In 1642, Abel Tasman named the bay Moordenaarsbaai, meaning "Killers' Bay" or "Murderers' Bay", after four of his crew were killed there in a clash with Maori. In 1770, Cook included it as part of Tasman Bay, which he called "Blind Bay". 50 years later, Dumont d'Urville named it Massacre Bay, but following the discovery of coal in Takaka in 1842 it was renamed Coal Bay. In 1857, gold was found near inland from Parapara, prompting another change, this time to Golden Bay.

History

Māori lived along the shores of Golden Bay from at least 1450, which is the earliest dated archaeological evidence (from carbon dating) yet found. In 2010 an extensive scientific study was made of Golden Bay by a team from Otago University led by Associate Professor Ian Barber. They accurately plotted and investigated a large number of early Māori sites ranging from pā to kāinga to probable kumara gardens that stretch along the coastal arc from the base of Farewell Spit at Triangle Flat, 60 km eastwards to a pā site 10 km east of Separation Point. Some of the original inhabitants of the area were Waitaha, Ngāi Tara and Ngāti Wairangi (Hauāuru Māori from Whanganui), who were displaced by Ngāti Tūmatakōkiri in the early 1600s.

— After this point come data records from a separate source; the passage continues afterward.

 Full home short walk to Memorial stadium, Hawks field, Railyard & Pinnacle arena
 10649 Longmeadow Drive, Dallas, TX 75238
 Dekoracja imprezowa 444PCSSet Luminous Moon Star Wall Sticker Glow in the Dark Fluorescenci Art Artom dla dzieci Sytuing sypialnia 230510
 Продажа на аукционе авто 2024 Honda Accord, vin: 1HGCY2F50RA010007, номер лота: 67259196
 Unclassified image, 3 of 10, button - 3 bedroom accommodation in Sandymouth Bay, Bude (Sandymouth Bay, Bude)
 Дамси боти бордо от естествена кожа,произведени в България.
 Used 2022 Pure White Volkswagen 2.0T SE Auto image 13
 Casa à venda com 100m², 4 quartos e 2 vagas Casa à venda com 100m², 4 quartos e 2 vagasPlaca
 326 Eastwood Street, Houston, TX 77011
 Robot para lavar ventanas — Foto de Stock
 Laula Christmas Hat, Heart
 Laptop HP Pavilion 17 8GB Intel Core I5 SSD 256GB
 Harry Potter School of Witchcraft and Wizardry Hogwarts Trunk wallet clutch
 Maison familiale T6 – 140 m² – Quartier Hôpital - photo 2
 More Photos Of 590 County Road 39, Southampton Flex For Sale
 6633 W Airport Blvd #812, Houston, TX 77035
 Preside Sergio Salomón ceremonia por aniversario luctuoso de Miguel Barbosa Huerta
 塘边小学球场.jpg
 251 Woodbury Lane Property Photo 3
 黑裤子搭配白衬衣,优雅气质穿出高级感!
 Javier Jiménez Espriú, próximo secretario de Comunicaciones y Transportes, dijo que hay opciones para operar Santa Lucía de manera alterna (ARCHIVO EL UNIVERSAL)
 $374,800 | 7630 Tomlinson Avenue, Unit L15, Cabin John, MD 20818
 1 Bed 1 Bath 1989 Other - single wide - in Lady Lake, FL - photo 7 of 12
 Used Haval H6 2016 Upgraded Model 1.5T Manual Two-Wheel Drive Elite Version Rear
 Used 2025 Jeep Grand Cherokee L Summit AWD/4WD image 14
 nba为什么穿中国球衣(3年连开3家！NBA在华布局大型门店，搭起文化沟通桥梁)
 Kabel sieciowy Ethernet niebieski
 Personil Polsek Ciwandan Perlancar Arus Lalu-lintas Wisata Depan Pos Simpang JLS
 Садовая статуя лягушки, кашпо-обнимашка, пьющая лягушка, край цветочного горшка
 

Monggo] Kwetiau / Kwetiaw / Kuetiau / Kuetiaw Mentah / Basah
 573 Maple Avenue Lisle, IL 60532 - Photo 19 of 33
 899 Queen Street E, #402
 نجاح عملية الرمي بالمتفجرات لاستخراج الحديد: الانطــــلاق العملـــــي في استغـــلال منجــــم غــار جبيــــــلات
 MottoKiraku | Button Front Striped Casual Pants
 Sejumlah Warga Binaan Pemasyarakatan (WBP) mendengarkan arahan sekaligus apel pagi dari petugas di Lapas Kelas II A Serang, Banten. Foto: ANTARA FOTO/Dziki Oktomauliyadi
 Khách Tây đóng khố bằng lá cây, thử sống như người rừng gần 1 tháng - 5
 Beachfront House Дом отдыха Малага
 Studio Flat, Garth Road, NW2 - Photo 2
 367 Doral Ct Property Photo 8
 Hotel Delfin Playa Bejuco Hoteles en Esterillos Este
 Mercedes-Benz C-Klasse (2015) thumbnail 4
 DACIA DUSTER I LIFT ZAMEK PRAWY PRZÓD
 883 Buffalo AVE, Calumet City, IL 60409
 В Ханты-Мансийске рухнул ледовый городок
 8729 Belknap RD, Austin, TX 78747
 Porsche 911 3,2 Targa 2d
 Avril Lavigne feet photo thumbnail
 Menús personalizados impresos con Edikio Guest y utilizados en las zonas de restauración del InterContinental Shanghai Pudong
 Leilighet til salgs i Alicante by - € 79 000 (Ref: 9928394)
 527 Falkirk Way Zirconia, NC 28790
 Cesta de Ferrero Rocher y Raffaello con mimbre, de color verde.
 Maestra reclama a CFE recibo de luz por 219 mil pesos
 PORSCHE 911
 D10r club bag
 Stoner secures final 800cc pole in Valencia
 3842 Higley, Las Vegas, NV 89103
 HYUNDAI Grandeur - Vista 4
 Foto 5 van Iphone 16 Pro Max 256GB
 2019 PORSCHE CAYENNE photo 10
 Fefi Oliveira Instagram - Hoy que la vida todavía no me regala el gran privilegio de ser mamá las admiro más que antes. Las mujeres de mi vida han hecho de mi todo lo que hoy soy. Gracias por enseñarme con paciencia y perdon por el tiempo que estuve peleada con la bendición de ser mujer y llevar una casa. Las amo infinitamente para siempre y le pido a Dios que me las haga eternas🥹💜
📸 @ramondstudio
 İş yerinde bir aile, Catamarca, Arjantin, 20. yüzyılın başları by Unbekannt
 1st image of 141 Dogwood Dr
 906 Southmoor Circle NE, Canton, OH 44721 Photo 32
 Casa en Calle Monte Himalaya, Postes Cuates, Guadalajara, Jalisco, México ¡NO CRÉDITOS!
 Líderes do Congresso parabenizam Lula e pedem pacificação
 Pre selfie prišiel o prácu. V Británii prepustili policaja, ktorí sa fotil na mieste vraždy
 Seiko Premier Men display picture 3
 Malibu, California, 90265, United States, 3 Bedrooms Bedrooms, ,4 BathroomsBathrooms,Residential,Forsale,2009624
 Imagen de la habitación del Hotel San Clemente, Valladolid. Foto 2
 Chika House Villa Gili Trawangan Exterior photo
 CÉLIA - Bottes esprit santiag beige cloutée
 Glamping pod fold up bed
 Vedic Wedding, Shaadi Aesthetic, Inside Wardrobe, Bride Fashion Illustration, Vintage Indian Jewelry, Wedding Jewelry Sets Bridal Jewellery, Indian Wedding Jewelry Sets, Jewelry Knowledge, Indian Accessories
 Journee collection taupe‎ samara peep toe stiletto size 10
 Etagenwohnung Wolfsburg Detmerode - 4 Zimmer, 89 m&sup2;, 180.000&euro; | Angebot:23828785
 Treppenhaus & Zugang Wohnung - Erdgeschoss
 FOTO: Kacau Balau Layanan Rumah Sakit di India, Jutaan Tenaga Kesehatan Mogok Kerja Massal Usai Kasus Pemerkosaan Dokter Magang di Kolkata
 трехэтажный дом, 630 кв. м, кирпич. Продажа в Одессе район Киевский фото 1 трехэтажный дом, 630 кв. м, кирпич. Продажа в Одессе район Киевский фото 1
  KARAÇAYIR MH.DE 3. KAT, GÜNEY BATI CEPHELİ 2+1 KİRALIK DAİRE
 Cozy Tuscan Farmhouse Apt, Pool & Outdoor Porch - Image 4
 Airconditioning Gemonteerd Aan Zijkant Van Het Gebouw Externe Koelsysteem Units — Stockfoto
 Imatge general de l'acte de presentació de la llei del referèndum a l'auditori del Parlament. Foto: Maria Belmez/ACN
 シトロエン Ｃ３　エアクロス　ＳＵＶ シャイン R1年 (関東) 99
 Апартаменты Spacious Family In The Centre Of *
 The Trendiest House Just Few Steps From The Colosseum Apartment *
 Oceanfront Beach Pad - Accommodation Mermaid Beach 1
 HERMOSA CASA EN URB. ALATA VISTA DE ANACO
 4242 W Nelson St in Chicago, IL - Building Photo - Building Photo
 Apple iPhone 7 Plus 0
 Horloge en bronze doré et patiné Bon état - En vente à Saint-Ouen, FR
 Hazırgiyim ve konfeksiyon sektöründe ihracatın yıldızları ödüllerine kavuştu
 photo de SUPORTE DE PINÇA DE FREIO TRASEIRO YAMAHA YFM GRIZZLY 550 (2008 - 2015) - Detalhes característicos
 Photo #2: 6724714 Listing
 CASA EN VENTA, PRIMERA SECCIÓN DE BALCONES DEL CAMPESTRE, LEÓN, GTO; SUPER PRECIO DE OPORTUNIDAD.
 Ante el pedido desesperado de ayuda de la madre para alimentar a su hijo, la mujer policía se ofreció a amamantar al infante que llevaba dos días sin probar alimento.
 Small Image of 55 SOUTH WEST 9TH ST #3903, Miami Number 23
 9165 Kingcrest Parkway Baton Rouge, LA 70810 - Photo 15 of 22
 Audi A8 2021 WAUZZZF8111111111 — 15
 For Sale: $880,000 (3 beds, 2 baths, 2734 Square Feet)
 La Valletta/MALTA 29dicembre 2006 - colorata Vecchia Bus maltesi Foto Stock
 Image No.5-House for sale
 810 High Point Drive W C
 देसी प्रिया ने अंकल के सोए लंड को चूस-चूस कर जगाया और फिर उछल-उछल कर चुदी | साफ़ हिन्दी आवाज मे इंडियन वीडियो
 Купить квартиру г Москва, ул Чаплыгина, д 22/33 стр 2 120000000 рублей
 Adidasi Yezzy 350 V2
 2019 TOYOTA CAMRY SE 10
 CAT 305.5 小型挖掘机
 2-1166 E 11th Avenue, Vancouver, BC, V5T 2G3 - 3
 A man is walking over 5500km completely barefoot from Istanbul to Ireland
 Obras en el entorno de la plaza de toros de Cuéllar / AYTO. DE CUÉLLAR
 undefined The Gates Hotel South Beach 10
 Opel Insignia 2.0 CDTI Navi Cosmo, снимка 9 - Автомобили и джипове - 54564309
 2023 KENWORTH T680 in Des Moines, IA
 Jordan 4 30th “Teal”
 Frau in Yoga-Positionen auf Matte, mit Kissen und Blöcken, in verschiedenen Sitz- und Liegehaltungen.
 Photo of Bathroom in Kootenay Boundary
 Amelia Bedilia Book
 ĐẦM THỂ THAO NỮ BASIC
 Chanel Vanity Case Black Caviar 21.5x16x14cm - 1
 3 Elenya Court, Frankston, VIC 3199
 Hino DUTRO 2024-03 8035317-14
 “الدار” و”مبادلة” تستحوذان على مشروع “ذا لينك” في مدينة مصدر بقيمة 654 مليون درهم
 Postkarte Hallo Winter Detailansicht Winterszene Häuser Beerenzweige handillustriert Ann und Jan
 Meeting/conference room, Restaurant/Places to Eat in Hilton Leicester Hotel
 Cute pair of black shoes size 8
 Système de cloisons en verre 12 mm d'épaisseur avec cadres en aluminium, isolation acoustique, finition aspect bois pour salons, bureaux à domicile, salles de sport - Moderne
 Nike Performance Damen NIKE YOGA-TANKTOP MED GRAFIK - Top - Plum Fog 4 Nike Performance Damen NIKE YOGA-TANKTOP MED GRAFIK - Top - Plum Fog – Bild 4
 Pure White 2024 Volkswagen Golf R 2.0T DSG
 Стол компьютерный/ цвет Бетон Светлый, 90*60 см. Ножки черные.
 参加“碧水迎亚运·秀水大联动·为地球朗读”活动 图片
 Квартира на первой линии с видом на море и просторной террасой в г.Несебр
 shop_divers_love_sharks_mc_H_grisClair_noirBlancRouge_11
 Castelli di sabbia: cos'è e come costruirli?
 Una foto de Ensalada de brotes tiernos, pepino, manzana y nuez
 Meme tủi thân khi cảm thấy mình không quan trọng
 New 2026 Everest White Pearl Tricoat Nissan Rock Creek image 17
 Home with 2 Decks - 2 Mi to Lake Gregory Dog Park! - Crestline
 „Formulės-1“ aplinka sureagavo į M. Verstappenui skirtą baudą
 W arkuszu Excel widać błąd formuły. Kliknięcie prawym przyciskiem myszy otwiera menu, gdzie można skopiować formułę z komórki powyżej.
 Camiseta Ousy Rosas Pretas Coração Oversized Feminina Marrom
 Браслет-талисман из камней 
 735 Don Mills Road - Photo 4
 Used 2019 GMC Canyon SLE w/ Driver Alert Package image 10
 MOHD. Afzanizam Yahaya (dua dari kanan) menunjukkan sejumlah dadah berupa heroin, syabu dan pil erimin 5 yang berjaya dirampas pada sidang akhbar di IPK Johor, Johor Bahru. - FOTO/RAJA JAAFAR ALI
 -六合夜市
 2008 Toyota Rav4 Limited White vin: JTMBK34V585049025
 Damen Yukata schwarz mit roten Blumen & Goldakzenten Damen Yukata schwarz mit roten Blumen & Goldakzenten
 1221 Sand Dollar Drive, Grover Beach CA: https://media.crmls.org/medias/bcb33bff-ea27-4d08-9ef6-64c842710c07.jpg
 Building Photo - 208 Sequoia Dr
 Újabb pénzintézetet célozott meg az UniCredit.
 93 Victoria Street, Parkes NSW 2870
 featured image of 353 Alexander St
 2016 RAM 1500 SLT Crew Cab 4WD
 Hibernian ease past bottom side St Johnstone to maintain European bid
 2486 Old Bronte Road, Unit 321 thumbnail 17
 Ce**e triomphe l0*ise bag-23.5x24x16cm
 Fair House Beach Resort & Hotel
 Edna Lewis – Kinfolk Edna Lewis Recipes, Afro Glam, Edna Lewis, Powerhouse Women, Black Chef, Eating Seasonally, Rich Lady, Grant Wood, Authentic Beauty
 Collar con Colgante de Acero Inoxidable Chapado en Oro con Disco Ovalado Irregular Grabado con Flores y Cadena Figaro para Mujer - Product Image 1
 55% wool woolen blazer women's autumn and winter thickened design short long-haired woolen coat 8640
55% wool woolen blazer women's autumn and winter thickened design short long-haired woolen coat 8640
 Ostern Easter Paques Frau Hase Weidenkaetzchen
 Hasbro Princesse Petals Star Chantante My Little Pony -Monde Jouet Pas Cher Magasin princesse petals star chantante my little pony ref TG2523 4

Dutch explorer Abel Tasman anchored in this bay in 1642. Ngāti Tūmatakōkiri rammed the Dutch ship's cockboat with a waka and four Dutch seamen were killed by Māori, prompting Tasman to name it Moordenaar's Bay (Murderers Bay). Archeological research has shown the Dutch had tried to land at a major agricultural area, which the Māori may have been trying to protect. Tasman saw at least 22 waka. He recorded that of the 11 waka that chased his ship, most had 17 men on board. This gives a total of about 200 men, with a likely population of about 500 people. Tasman had already been in the bay five days when attacked giving the Māori time to assemble an attack force. Archaeological evidence has not shown any large settlements so it is likely that the iwi normally lived in whanau based groups scattered along the coast but mainly in the eastern bay at Ligar Beach, Tata Beach and Wainui Bay where there are 20 known archaeological sites in a 10 km zone.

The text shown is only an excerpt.